Frequently asked questions

Can I trust Google Translate for reporting?

Google Translate is useful for getting the gist of a document in an unfamiliar language. It is not reliable enough for direct quotes, legal documents, or nuanced political language. Always have a human translator verify anything you plan to publish. DeepL is more accurate for European languages.

What messaging app should I use in countries where Signal is blocked?

Briar works without internet — it syncs over Tor, Wi-Fi, or Bluetooth. In countries that block Signal (like Iran and China), Briar or bridged connections through Tor may be your only options. Threema does not require a phone number and is less likely to be blocked in some jurisdictions.
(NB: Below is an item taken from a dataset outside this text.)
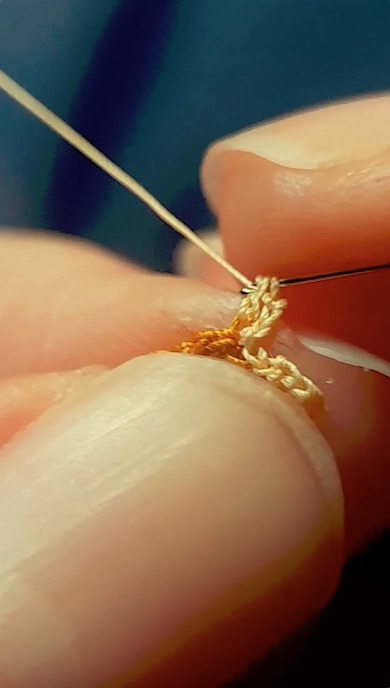 薄黄色の糸で花びらを作る様子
How do I verify the location of a photo or video from overseas?

Use a combination of tools. InVID/WeVerify checks video metadata and reverse-searches frames. Google Earth Pro lets you match terrain and landmarks. SunCalc verifies the time of day from shadow angles. GeoSpy uses AI to estimate location from visual features. Cross-reference multiple tools — no single one is definitive.

Do I need a VPN when reporting abroad?

Yes, in most cases. A VPN encrypts your traffic from the local ISP, which may be state-controlled. Mullvad and Proton VPN are the strongest options. In countries that actively block VPNs (China, Russia, Iran), you may need obfuscation features or Tor bridges. Set up your VPN before you travel — do not try to install it after arrival.